Study material:
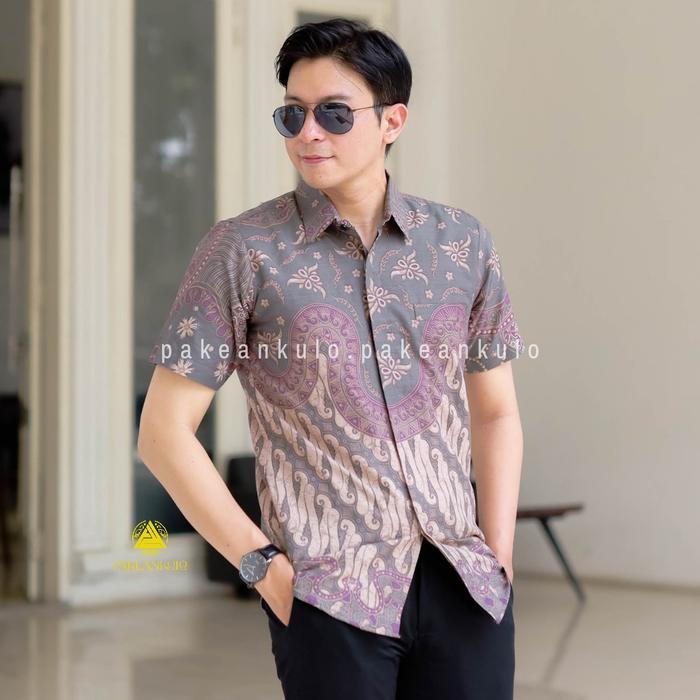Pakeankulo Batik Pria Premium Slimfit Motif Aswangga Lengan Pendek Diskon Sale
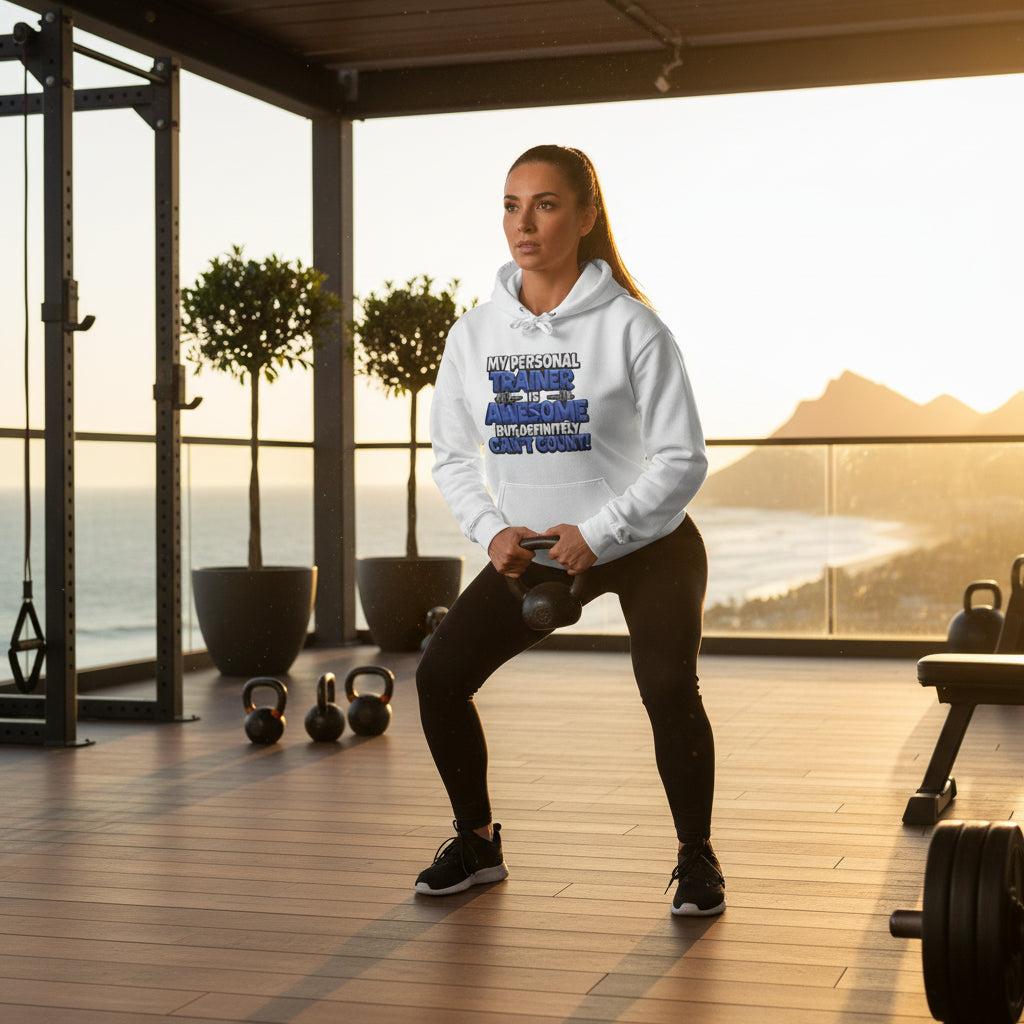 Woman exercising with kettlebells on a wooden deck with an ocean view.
...
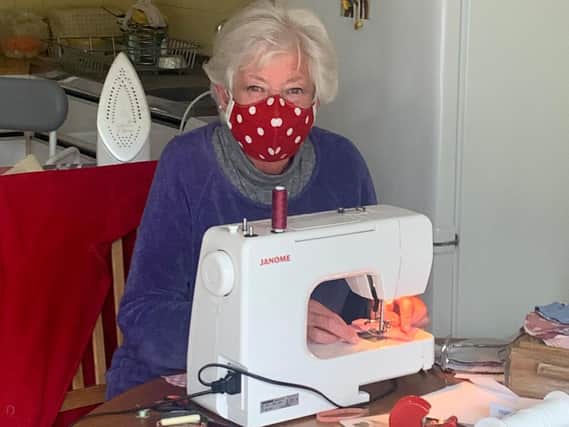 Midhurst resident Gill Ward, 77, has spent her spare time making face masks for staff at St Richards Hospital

The task: The copy should hold only the lines from the one with "Pakeankulo Batik Pria" through the one with "Woman exercising with", exactly as they stand above. Leave out the pictures.

Answer section:
Pakeankulo Batik Pria Premium Slimfit Motif Aswangga Lengan Pendek Diskon Sale
 Woman exercising with kettlebells on a wooden deck with an ocean view.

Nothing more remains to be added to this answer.